How can I get the T from an Option<T> when using syn?

I'm using syn to parse Rust code. When I read a named field's type using field.ty, I get a syn::Type. When I print it using quote!{#ty}.to_string() I get "Option<String>".

How can I get just "String"? I want to use #ty in quote! to print "String" instead of "Option<String>".

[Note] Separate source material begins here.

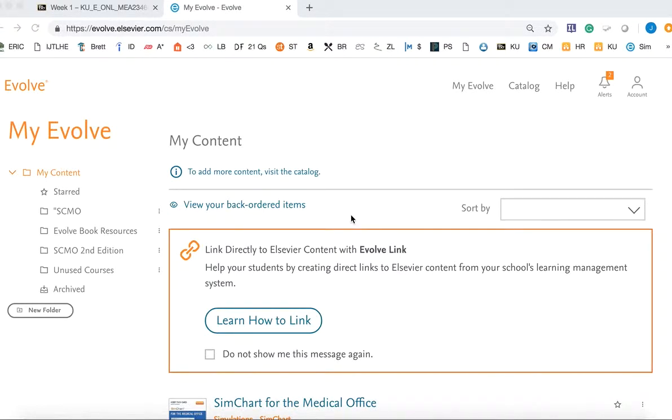To set up your computerized medical office management class in Blackboard, you will need an Evolve account because we use SimChart for the medical office. If you don't have an Evolve account, please contact your program dean to acquire access.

I want to generate code like:

impl Foo {
    pub set_bar(&mut self, v: String) {
        self.bar = Some(v);
    }
}

starting from

struct Foo {
    bar: Option<String>
}

My attempt:

let ast: DeriveInput = parse_macro_input!(input as DeriveInput);

let data: Data = ast.data;

match data {
    Data::Struct(ref data) => match data.fields {
        Fields::Named(ref fields) => {

            fields.named.iter().for_each(|field| {
                let name = &field.ident.clone().unwrap();

                let ty = &field.ty;
                quote!{
                    impl Foo {
                        pub set_bar(&mut self, v: #ty) {
                            self.bar = Some(v);
                        }
                    }
                };      
            });
        }
        _ => {}
    },
    _ => panic!("You can derive it only from struct"),
}
Solution

  • You should do something like this untested example:

    use syn::{GenericArgument, PathArguments, Type};

fn extract_type_from_option(ty: &Type) -> Type {
    fn path_is_option(path: &Path) -> bool {
        leading_colon.is_none()
            && path.segments.len() == 1
            && path.segments.iter().next().unwrap().ident == "Option"
    }

    match ty {
        Type::Path(typepath) if typepath.qself.is_none() && path_is_option(typepath.path) => {
            // Get the first segment of the path (there is only one, in fact: "Option"):
            let type_params = typepath.path.segments.iter().first().unwrap().arguments;
            // It should have only on angle-bracketed param ("<String>"):
            let generic_arg = match type_params {
                PathArguments::AngleBracketed(params) => params.args.iter().first().unwrap(),
                _ => panic!("TODO: error handling"),
            };
            // This argument must be a type:
            match generic_arg {
                GenericArgument::Type(ty) => ty,
                _ => panic!("TODO: error handling"),
            }
        }
        _ => panic!("TODO: error handling"),
    }
}

    There's not many things to explain, it just "unrolls" the diverse components of a type:

    Type -> TypePath -> Path -> PathSegment -> PathArguments -> AngleBracketedGenericArguments -> GenericArgument -> Type.

    If there is an easier way to do that, I would be happy to know it.

    Note that since syn is a parser, it works with tokens. You cannot know for sure that this is an Option. The user could, for example, type std::option::Option, or write type MaybeString = std::option::Option<String>;. You cannot handle those arbitrary names.